Unfortunately not everyone supports the NGPA and their cause. Critics voice their opinions while others make it difficult for them to partake in aviation-related events. One such incident occurred when the NGPA hosted a booth at a major aviation event. The NGPA had attended for several years as members but it was not until 2010 that things really started to turn south. The event lasted a week and the NGPA found their presence created mixed reviews. Some were happy to see the NGPA and expressed their support; yet others who were less than enthusiastic about the idea also made sure to let the booth staff know their opinion. When it came time to renew for the next year’s event, the organiser of the event told NGPA that there were many complaints about their presence and that they wanted to be sure that the NGPA understood that it was an air show and not a sex show and that “any sort of inappropriate touching would not be tolerated.” Of course this infuriated the individuals at NGPA. They were attending the show for promoting civil rights not to promote sex. The NGPA have since decided to exclude themselves from this negativity and find other avenues to promote their cause.

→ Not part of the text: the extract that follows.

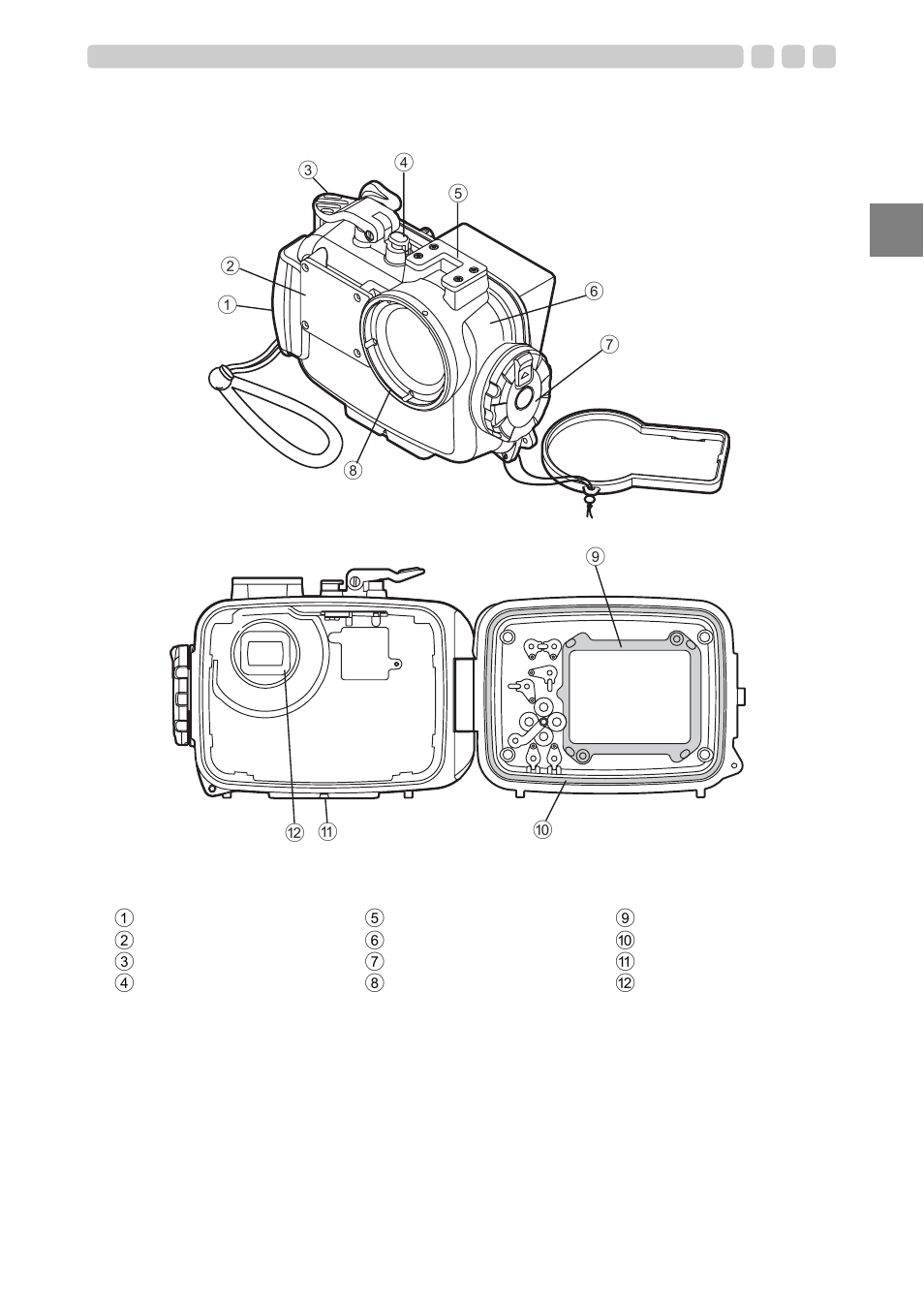 Names of the parts, En 9 | Olympus PT 048 User Manual | Page 9 / 31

Regardless of your views as a reader, it is important to note that we are all here to pursue our dream in aviation. It is no different than when the Tuskegee Airmen or the Women Airforce Service Pilots pushed to break the barriers that had barred them from flying. Please remember that aviation is a progressive field and we are here to help it grow. History has shown that anyone who puts their mind to it can succeed in aviation, regardless of their race, gender or sexual preference.
By Melanie Rivera who runs the superb Public Historian blog, ‘Aviation History as told by a Public Historian’
Here in Europe, it’s not even worth mentioning… But, for what it’s worth there, Orville Wright appears to have been gay too. His brother, Wilbur, once wrote a letter to their father, Bishop Milton Wright – a firebrand preacher, complaining of his brother’s “character defect”. Anyone who grew up in a fundamentalist religious household knows that’s a type of code language used to describe homosexuality in the family. Neither Wright brother married. But Wilbur did have an adulterous affair in late 1908 with a French Lieutenant’s wife before dying in 1912. Orville lived until 1948 together with a longtime friend in Dayton.